[SUPPLIED ENTRIES — start]

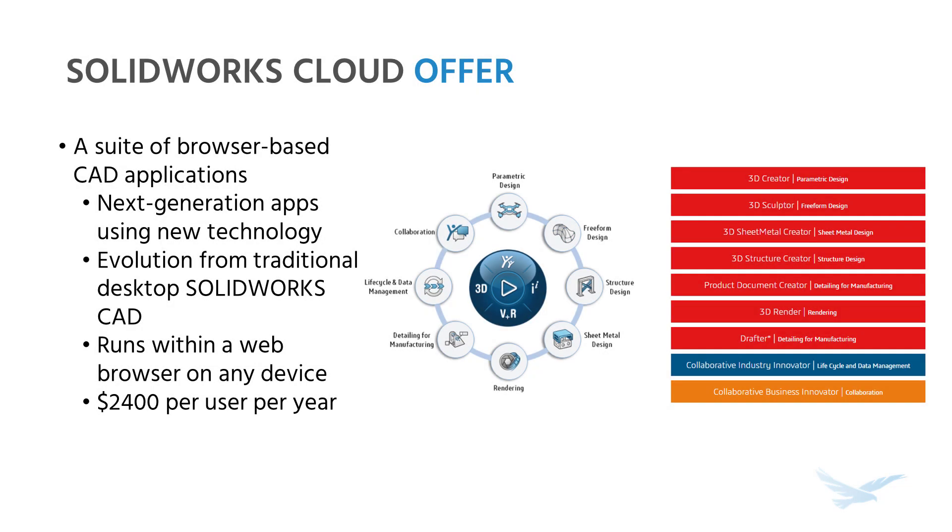Hey everyone, Scott here from Hawkware Systems to talk about the SOLIDWORKS Cloud offer. What is the SOLIDWORKS Cloud offer?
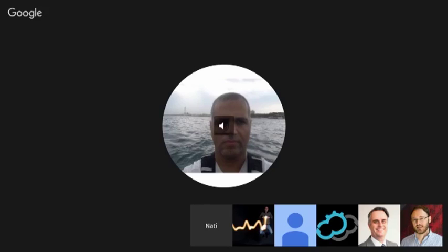First I'd like to introduce my co-host, Arthur Brunzen. And I'd also like to start with a quick introduction, so who wants to start from the panelists here?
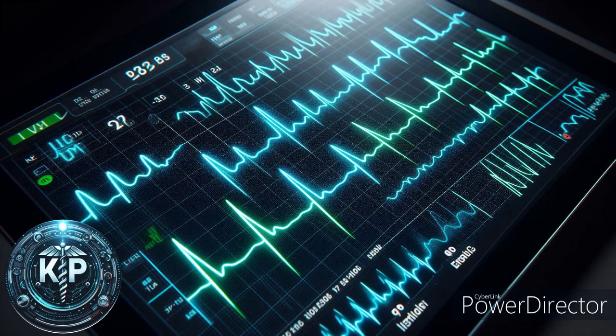The electrocardiogram, ECG, is a fundamental tool in the biomedical industry, widely used for monitoring and diagnosing heart conditions. Here's an extensive explanation covering its history, technicalities, and present applications.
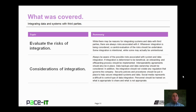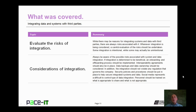That concludes this session on integrating data and systems with third parties. I began by talking about the need to evaluate the risks of integration and then concluded with some considerations of integration. On behalf of Pace IT, thank you for watching this session and I hope to do another one soon.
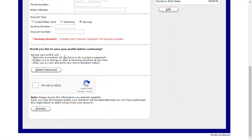If you would like to save this information for future gifts, you can select a password to complete your profile. Once you've entered that information, you'll want to verify through our security measures by clicking the I'm not a robot box.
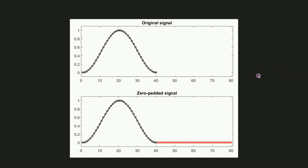Here you see an example. This is the original signal, it's a Hann taper, it's 40 points long. I'm only plotting it out to 80 for comparison. Here you can see the zero-padded version. I've added 40 zeros in this case.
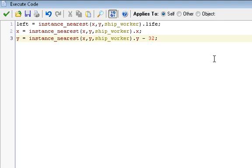x is equal to the nearest ship worker dot x, and y is equal to the nearest ship worker dot y minus 32, which puts it above the image. If you want it below the image, do plus, and you can change 32 to however many pixels you want the health bar to be away. If you want it to be really close or really far, I wouldn't really go too much above 32, though.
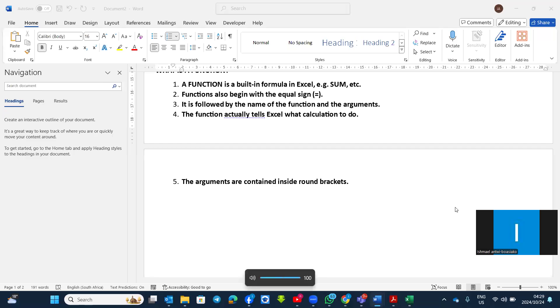Welcome to another episode of CAT Simplified. In this episode we are going to take a look at basic spreadsheet formatting.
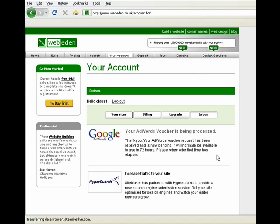So, if you have a new AdWords account or you're planning on setting one up, then do go to Your Account, Extras and then claim your AdWords voucher. Thank you very much.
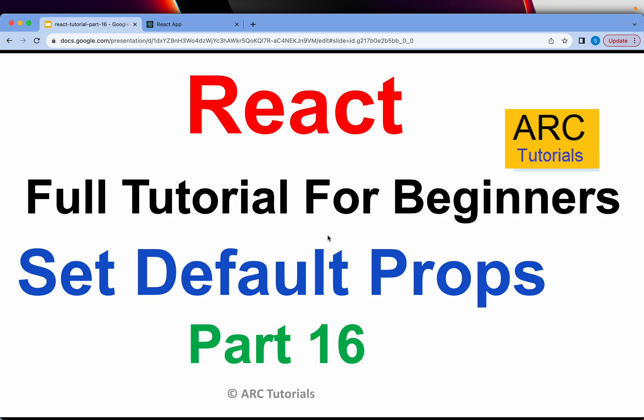Whenever we define props, it's always a good practice to have some default props set up. That way, your application will have the certainty and you know what would be the expected outcome. That's what we are learning today.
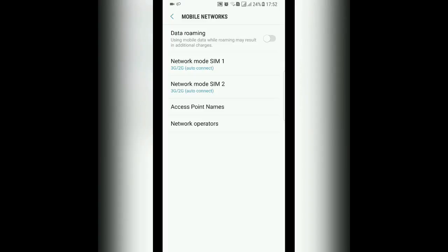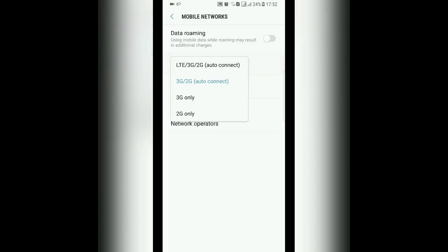Then you click that SIM, for example SIM 1, and then you choose LTE/3G/2G auto connect.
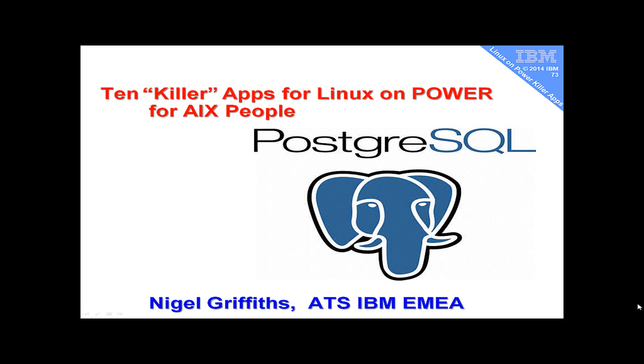Hi, my name is Nigel Griffiths. I work at ATS, IBM, EMEA. This is part of a series of 10 Killer Apps for Linux on Power for AIX people. If you're familiar with AIX, you want to give Linux on Power a go, let's find some tools that will add some value very quickly.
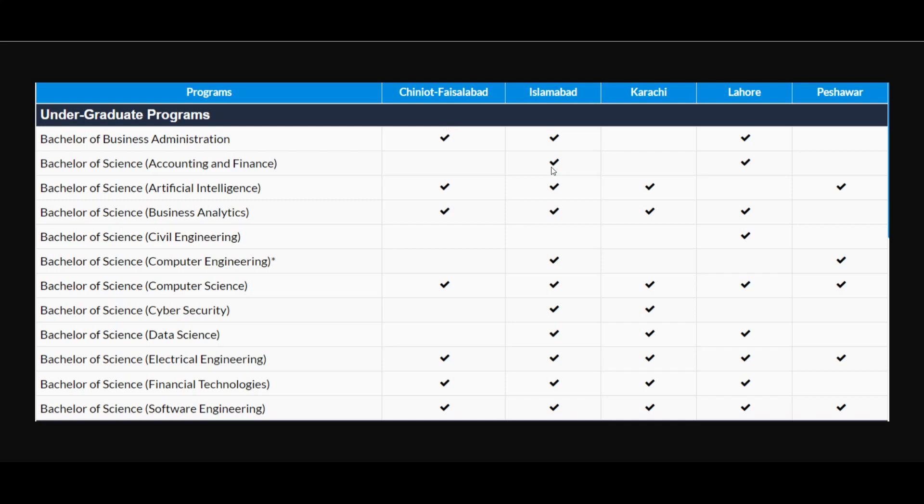For Islamabad campus, admissions are open in BBA program, BS Accounting and Finance, BS Artificial Intelligence, Business Analytics, Computer Engineering, Computer Science, Cyber Security, Data Science, Electrical Engineering, Financial Technologies, and Software Engineering programs.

[SUPPLIED ENTRIES — finish]

_EXERCISE DETAILS_. Retype the lines from the one containing "Then you click" down to the last line of the records, both included, exactly and nothing more. Pictures stay out.

_ANSWER TO THIS PROBLEM_.
Then you click that SIM, for example SIM 1, and then you choose LTE/3G/2G auto connect.
Hi, my name is Nigel Griffiths. I work at ATS, IBM, EMEA. This is part of a series of 10 Killer Apps for Linux on Power for AIX people. If you're familiar with AIX, you want to give Linux on Power a go, let's find some tools that will add some value very quickly.
For Islamabad campus, admissions are open in BBA program, BS Accounting and Finance, BS Artificial Intelligence, Business Analytics, Computer Engineering, Computer Science, Cyber Security, Data Science, Electrical Engineering, Financial Technologies, and Software Engineering programs.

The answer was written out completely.